¼ cup teriyaki sauce
2 Tbsp honey
2 Tbsp rice wine vinegar
1 Tbsp sesame oil
1 Tbsp fish sauce
2 tsp soy sauce
1.5cm piece fresh ginger, grated
1 clove garlic, grated
1kg side salmon, skin on
¼ cup water
Sesame seeds, mixed micro herbs, snowpea tendrils and lime wedges, to serve
In a shallow dish, combine teriyaki, honey, vinegar, sesame oil, fish sauce, soy, ginger and garlic.
Add fish, turning to coat well. Marinate for 15 minutes.
Meanwhile, preheat oven to 160 degrees C fan-forced (180 degrees C conventional). Line an oven tray.
Drain marinade from fish, reserving, and place fish on prepared tray. Bake for 10-15 minutes until cooked, with a slightly pink centre.

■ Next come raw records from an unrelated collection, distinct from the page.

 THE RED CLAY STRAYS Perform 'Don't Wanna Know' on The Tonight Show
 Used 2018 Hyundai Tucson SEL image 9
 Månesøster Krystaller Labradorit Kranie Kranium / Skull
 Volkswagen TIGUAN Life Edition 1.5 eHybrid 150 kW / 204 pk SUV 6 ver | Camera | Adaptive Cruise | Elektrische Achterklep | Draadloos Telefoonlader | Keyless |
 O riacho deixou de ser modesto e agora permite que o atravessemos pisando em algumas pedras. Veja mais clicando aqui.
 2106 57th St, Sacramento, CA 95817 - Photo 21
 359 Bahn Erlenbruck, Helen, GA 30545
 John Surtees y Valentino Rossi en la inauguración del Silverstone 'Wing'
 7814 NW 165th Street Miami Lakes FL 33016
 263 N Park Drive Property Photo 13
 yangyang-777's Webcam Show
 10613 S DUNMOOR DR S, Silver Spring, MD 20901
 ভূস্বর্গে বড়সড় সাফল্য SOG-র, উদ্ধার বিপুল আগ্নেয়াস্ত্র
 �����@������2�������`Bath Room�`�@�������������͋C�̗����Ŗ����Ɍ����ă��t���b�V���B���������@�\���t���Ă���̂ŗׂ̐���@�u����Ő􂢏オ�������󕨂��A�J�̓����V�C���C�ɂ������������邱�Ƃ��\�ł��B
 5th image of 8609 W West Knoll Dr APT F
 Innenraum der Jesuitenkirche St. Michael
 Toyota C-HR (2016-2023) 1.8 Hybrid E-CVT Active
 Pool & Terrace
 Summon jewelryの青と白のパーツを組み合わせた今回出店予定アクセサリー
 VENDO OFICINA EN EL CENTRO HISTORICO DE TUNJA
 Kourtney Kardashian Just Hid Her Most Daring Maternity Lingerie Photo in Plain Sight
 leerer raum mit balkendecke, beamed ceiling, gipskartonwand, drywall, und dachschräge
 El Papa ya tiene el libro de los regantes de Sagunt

Meanwhile, pour marinade into a saucepan with water. Bring to the boil over medium heat, stirring. Reduce heat to low. Simmer for 3-4 minutes until sticky.
Arrange fish on a serving platter. Drizzle with marinade, sprinkle with seeds, scatter with herbs and tendrils, and accompany with wedges. Cut into portions to serve warm or at room temperature.